Christmas at the Grand Hotel

Christmas at the Grand Hotel

Creating the perfect Christmas dinner with all the trimmings or baking beautiful festive treats can be intimidating for many people. The pressure of producing the main meal of the big day will often be shrouded in stress, especially if it is your first time attempting such a huge task.

Here I give some of my top tips for producing fantastic results in a stress free environment so you can wow your guests.

Planning and preparation are key to successful cooking. Being organised will help to eliminate errors and allow for unforeseen situations. Writing up a shopping list in advance will pay dividends.

Of course, this doesn’t just include required ingredients but should also allow for ensuring you have the appropriate cooking utensils e.g. correctly sized roasting tin. Remember, the more people you are hosting, the more time you will need to prepare the meal.

Working backwards from the time you would like to serve the main course is a great way to plan for when the turkey should be going into the oven or when the potatoes need to be peeled.

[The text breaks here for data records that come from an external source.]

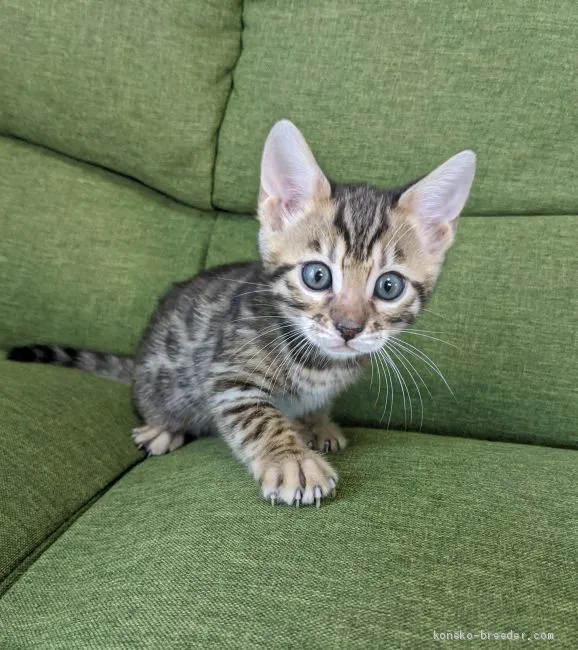 ID:2011-00213の子猫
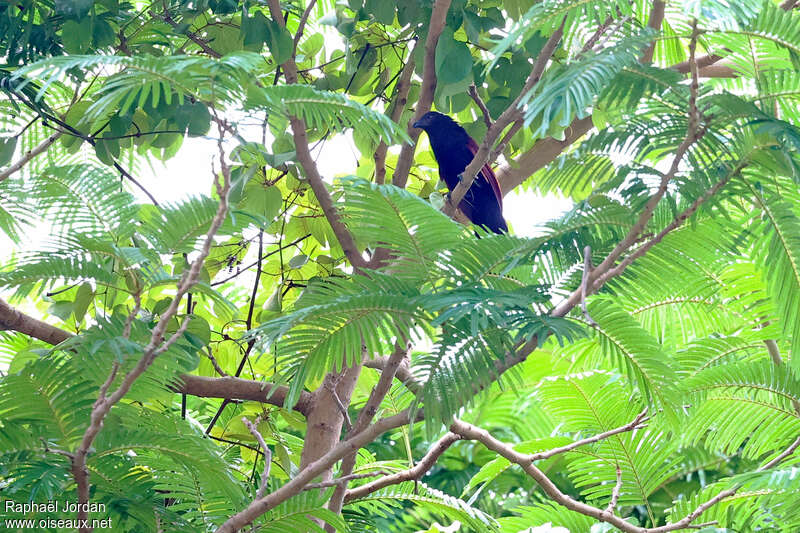 Philippine Coucal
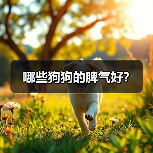 哪些狗狗的脾气好?(图4) 哪些狗狗脾气好|饲养实用指南(图4)
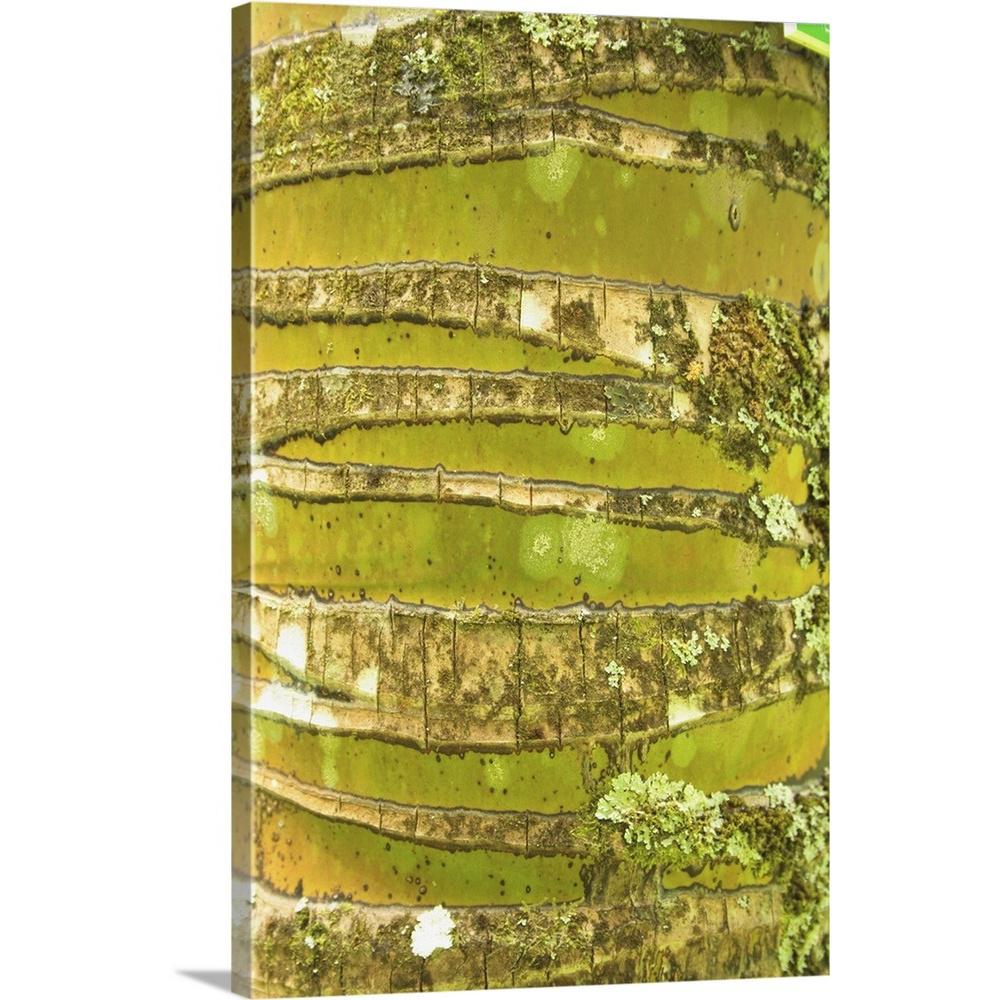 Hawaii Oahu Close Up Of Coconut Palm Tree Bark Texture By Brandon Tabiolo Canvas Wall Art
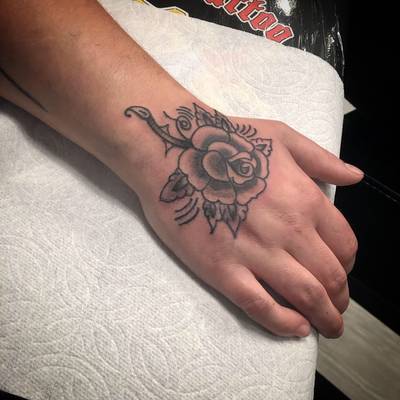 American traditional rose 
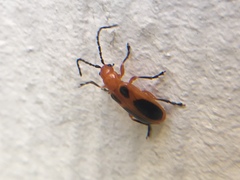 Phyllobrotica sororia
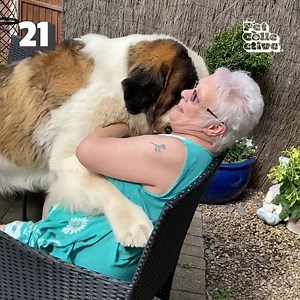 221K views · 1.4K reactions | Watch out for this dog's foot  | Try Not to Laugh | Facebook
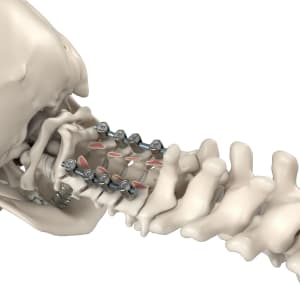 What Medical Animation Is Actually Used for in 2026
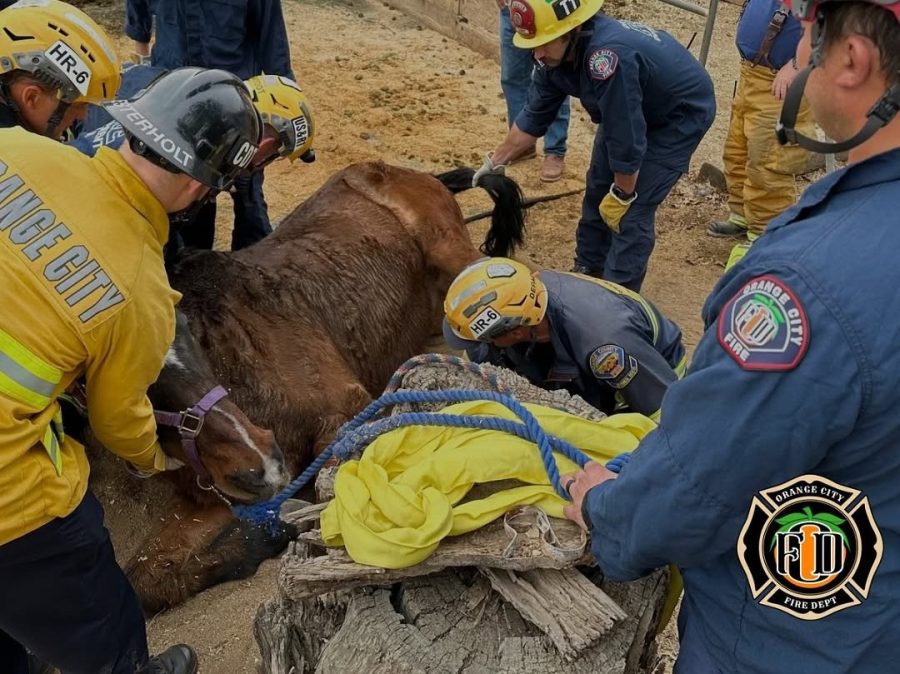 firefighters-rescue-30-year-old-horse-trapped-under-fence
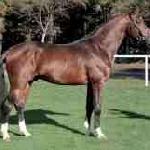 Comte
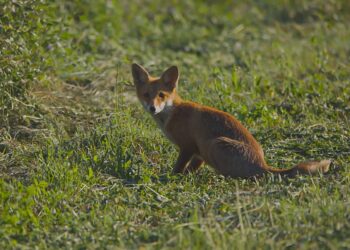 Pamje e rrallë, këlyshi i dhelprës së kuqe fotografohet në Kamenicë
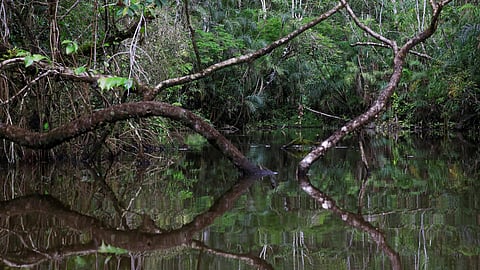 A view of the Amazon rainforest at the lagoon of the Yasuni National Park, during a tour in the area by Indigenous Waorani people, whose territory is the subject of a referendum vote that may ban oil production in their region, in the Bameno community, in the Pastaza province, in Ecuador, July 29, 2023. 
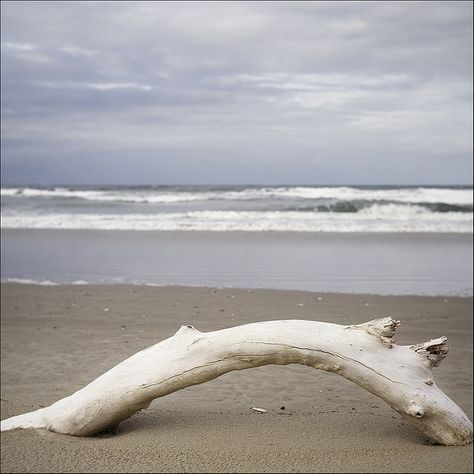 Boho Colors, California Coastline, Driftwood Beach, Paint Color Schemes, Drift Wood, One With Nature, Human Nature, Beach Scenes, Turquoise Color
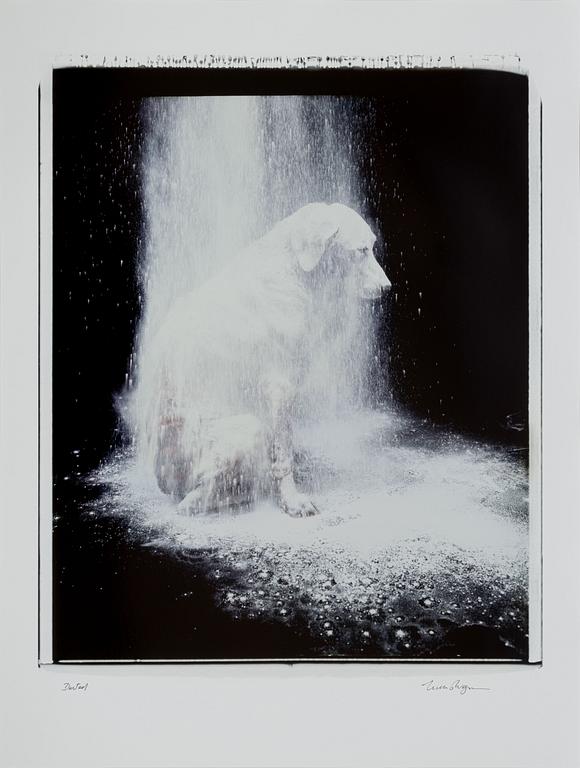 William Wegman, "Dusted".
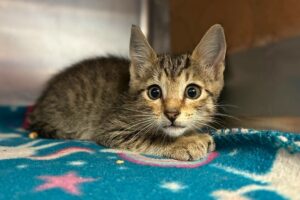 Alachua County Animal Resources temporarily suspends cat and kitten adoptions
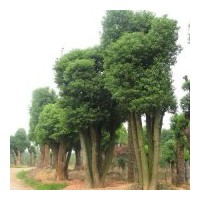 急售一批8公分移栽香樟和各種規(guī)格的湖南香樟！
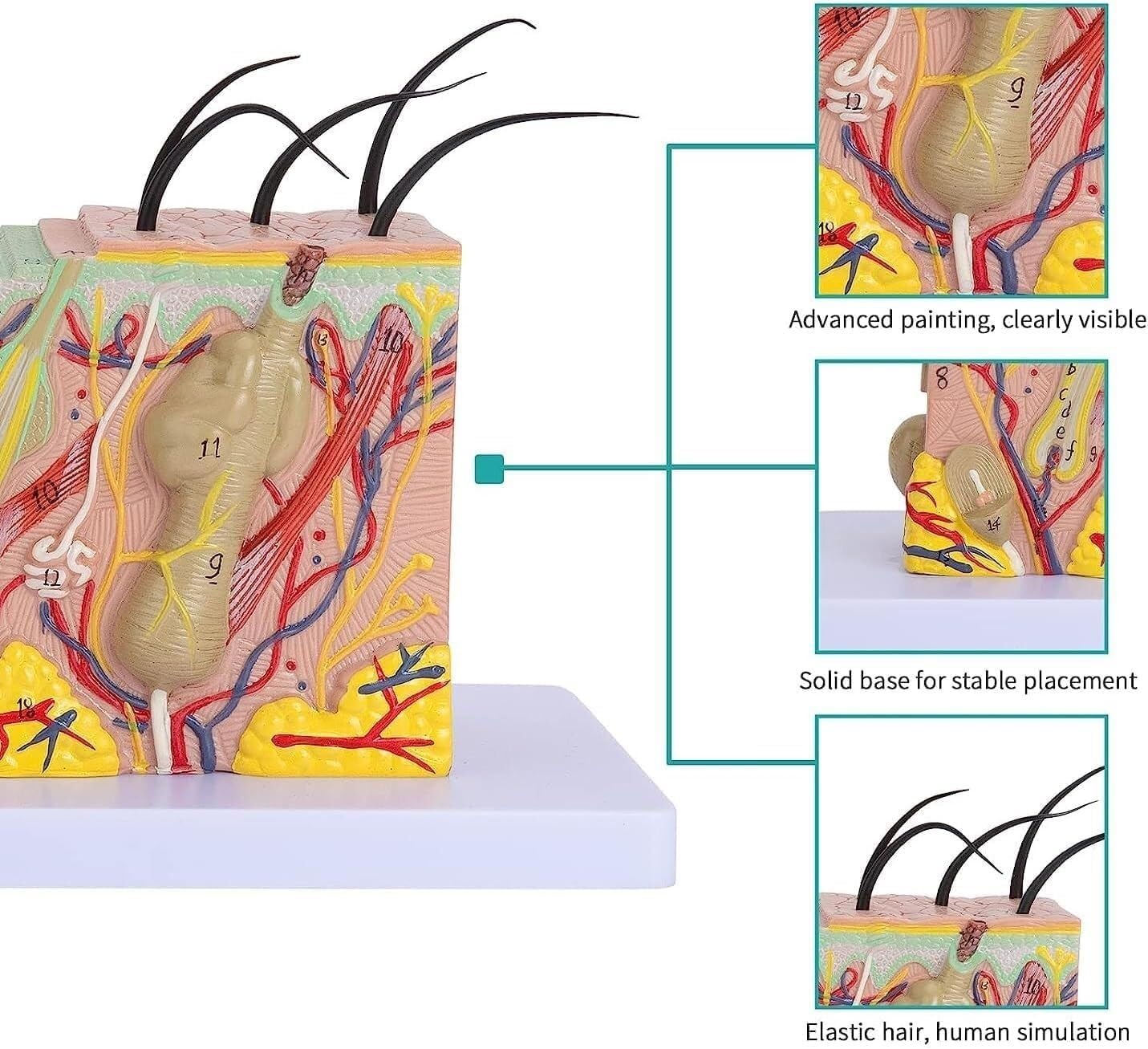 3D Skin Anatomy Model, 35x magnified Skin Layer Structure Anatomy Model with Hair and Medical Skin Markers, Suitable for Biological minimally invasive Cosmetic Surgery Teaching Model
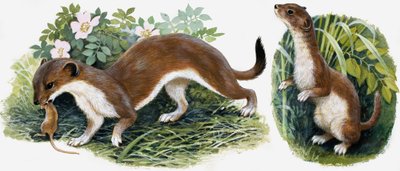 Le Royaume de la Nature : Les Chasseurs de notre Île - English School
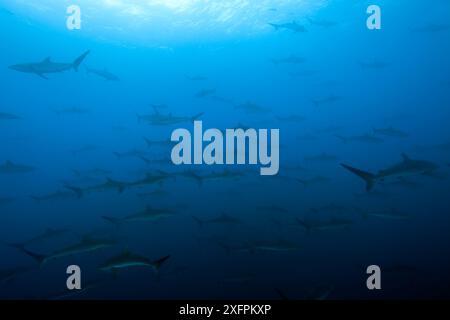 Schwarm von Seidenhaien (Carcharhinus falciformis) Malpelo Island Nationalpark, UNESCO-Weltkulturerbe, Kolumbien, Ostpazifik Stockfoto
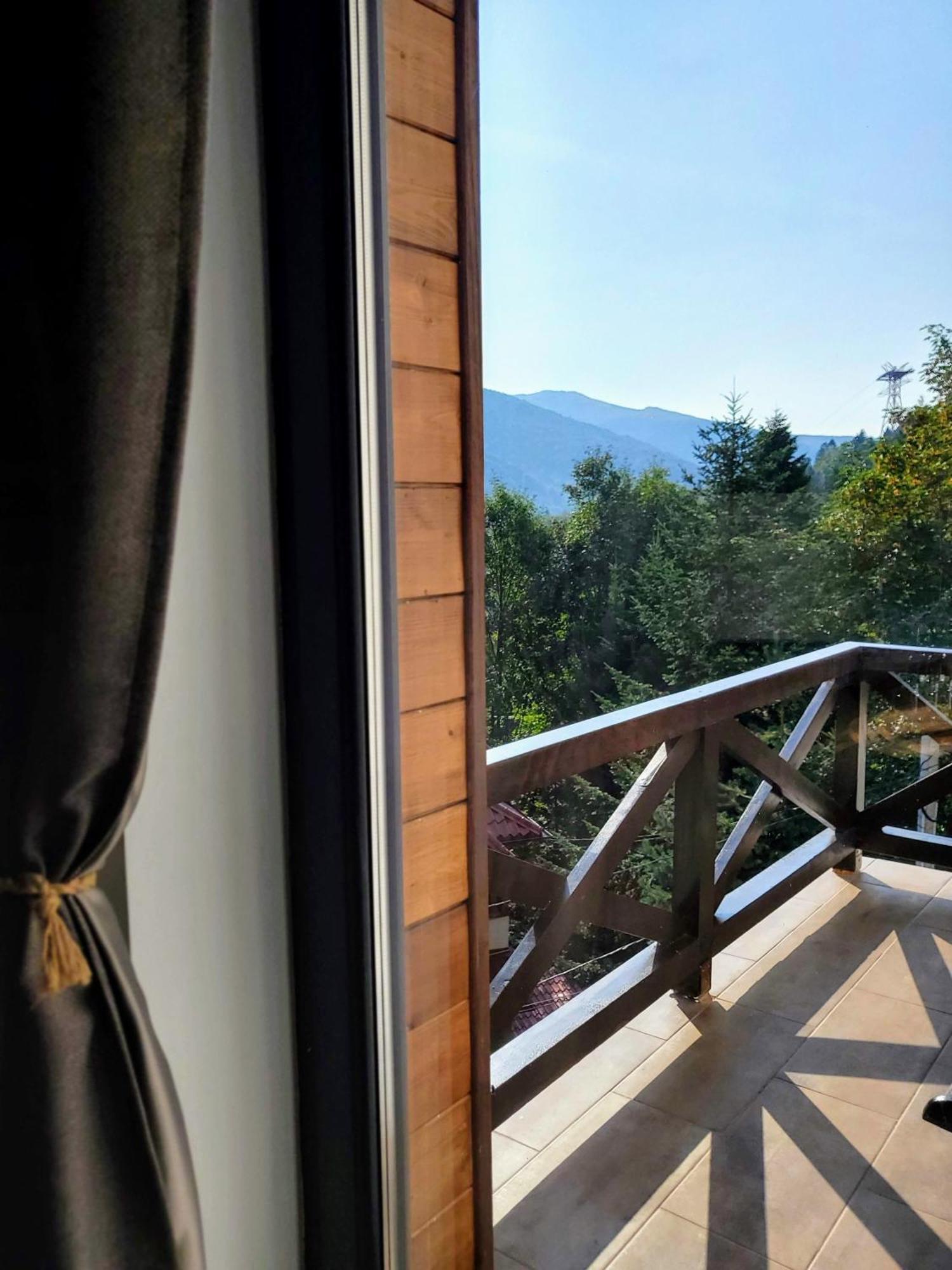Casa Larisa Antonia Apartments Sinaia Esterno foto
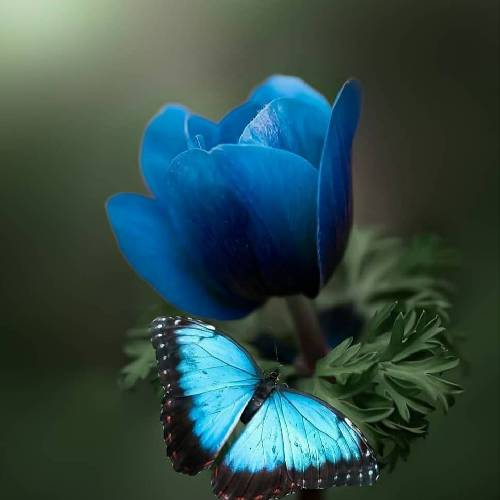 یوسف نجم ای خدا عمرم به پیری میرسد خارم نکن رزق و روزی ام بده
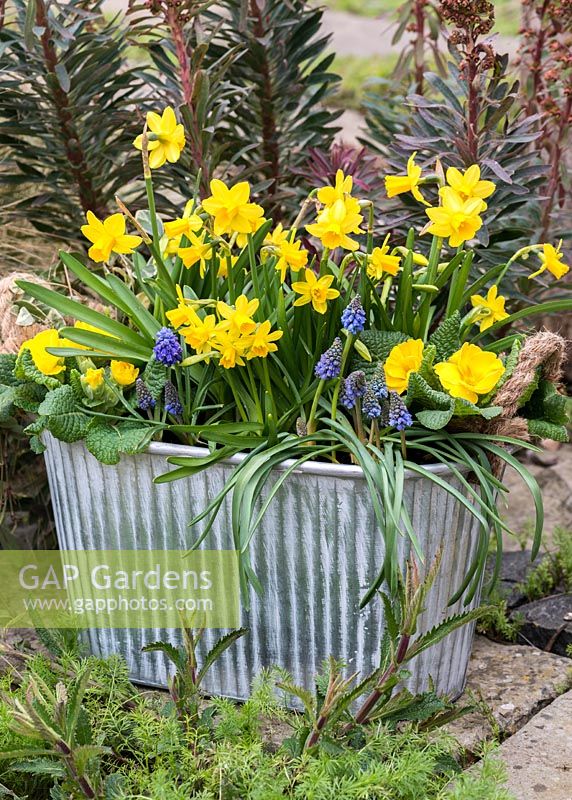 A metal tub planted in winter with  Narcissus 'Tete a Tete', Muscari  armeniacum 'Artist', primula and variegated periwinkle.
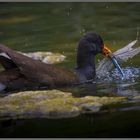 ...jagderfolg...( grünfüßige Teichhuhn)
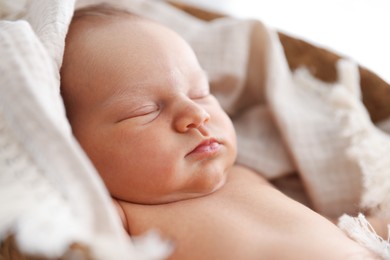 Photo of Cute newborn child sleeping in baby nest indoors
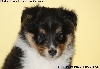 CHIOT FEMELLE TRICOLORE LINOTTE BLACK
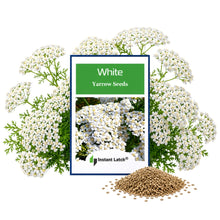 Load image into Gallery viewer, White Yarrow Seeds for Planting NON-GMO Heirloom Fresh Garden Seeds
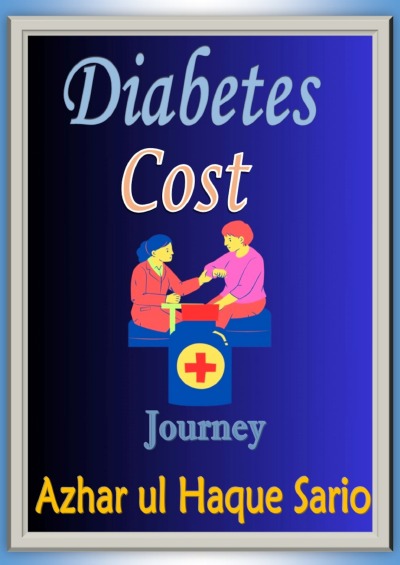 'Cover von Diabetes Cost Journey'-Cover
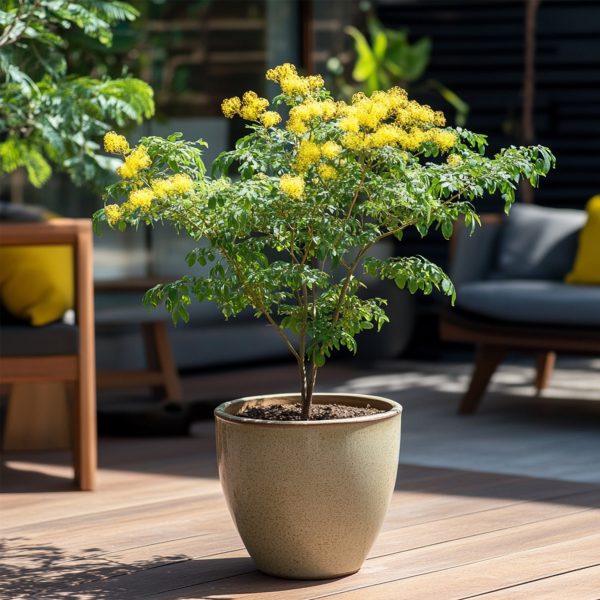 Acacia - Mimosa dealbata - Hoogte 40-50cm -⌀15cm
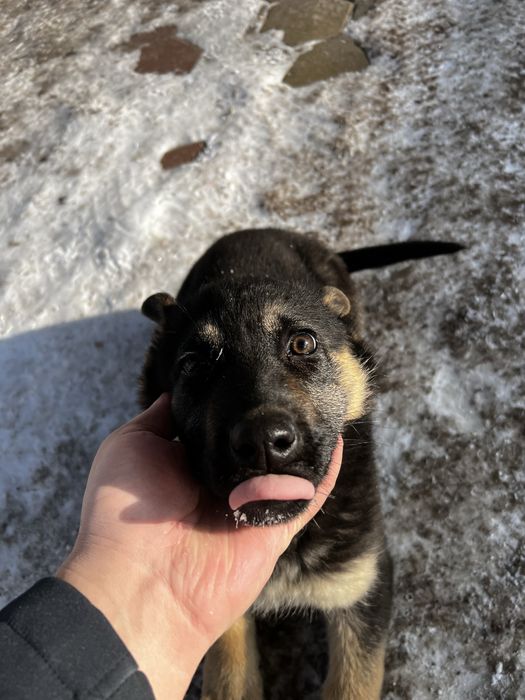 Чистопордистая авчарка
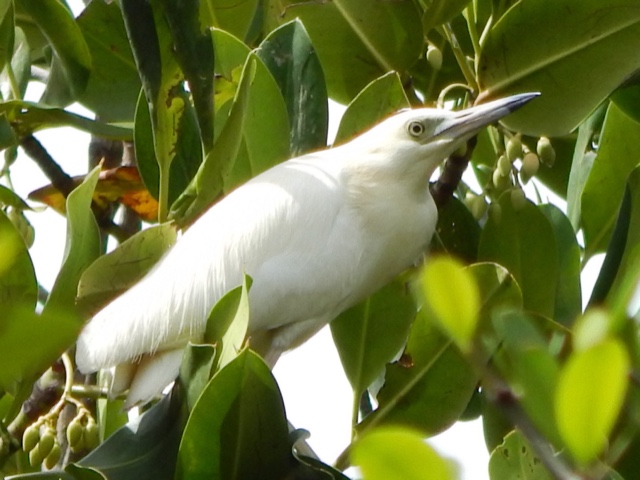 Madagascar Pond-heron International Working Group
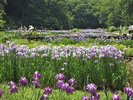 【吹上しょうぶ公園】例年5月下旬から6月上旬にかけて約250品種の花しょうぶが見頃。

It is very sensible to remain as clean and tidy as possible throughout the preparation process. An orderly kitchen help to keep your mind clear and remove stress factors such as lack of available work space. Washing up used utensils, storing ingredients as you go and regularly wiping down work surfaces will allow you retain control and ensure you are fully focused on the task in hand without

being flustered or bothered by mess.

Consistently tasting your food throughout the preparation process will ensure that it is well seasoned and reflects the flavour you want to produce. Trust your instincts and your pallet. If you think more salt is required then add a pinch extra. Remember to restrain from adding too much seasoning as it can be difficult to rectify once you have gone too far! It is better to add small amounts, stir and taste at regular intervals until you reach the desired result.

Traditional festive treats like turkey with all the trimmings and chocolate Yule log always go down well. Your guests will enjoy the comfort and familiarity of being served with well-known treats during the festive period. However, don’t be afraid to put a twist on classic dishes and have a bit of fun. Here at The Grand a festive themed Afternoon Tea is served to our guests throughout December, which includes miniature stollen and baby mince pies – this is a great alternative to a huge heavy meal and perfect for a pre-Christmas get together or post-Christmas treat.